**Work instructions**
Go to the line in the entries below that holds "Cadre MDF 50x70" and repeat exactly from there through the line that holds "Gig Preview - 3d", inclusive.

[Items from a dataset]
+---+
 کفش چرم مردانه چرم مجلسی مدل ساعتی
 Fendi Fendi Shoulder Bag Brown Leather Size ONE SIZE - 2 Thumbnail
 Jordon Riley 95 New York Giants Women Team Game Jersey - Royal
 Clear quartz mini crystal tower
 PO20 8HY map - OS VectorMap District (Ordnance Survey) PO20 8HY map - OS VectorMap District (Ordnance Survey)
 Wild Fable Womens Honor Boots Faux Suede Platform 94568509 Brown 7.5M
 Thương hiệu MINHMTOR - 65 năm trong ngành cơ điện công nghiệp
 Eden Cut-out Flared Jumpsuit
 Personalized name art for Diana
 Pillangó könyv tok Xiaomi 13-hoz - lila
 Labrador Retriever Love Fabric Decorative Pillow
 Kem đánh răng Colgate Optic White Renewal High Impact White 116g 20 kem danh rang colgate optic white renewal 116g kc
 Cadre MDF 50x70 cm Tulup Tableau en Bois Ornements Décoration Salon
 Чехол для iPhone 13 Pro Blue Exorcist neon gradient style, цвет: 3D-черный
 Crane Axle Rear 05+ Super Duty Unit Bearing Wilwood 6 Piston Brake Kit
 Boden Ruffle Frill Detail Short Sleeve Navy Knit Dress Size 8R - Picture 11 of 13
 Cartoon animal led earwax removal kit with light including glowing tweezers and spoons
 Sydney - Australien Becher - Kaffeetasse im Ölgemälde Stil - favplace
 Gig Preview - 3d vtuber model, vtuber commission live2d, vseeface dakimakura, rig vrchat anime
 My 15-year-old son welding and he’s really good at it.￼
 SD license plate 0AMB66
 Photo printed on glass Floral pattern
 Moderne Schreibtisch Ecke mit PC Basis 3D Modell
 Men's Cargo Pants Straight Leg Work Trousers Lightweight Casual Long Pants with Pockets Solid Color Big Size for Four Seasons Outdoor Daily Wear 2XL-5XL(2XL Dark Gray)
+---+
**Output**
 Cadre MDF 50x70 cm Tulup Tableau en Bois Ornements Décoration Salon
 Чехол для iPhone 13 Pro Blue Exorcist neon gradient style, цвет: 3D-черный
 Crane Axle Rear 05+ Super Duty Unit Bearing Wilwood 6 Piston Brake Kit
 Boden Ruffle Frill Detail Short Sleeve Navy Knit Dress Size 8R - Picture 11 of 13
 Cartoon animal led earwax removal kit with light including glowing tweezers and spoons
 Sydney - Australien Becher - Kaffeetasse im Ölgemälde Stil - favplace
 Gig Preview - 3d vtuber model, vtuber commission live2d, vseeface dakimakura, rig vrchat anime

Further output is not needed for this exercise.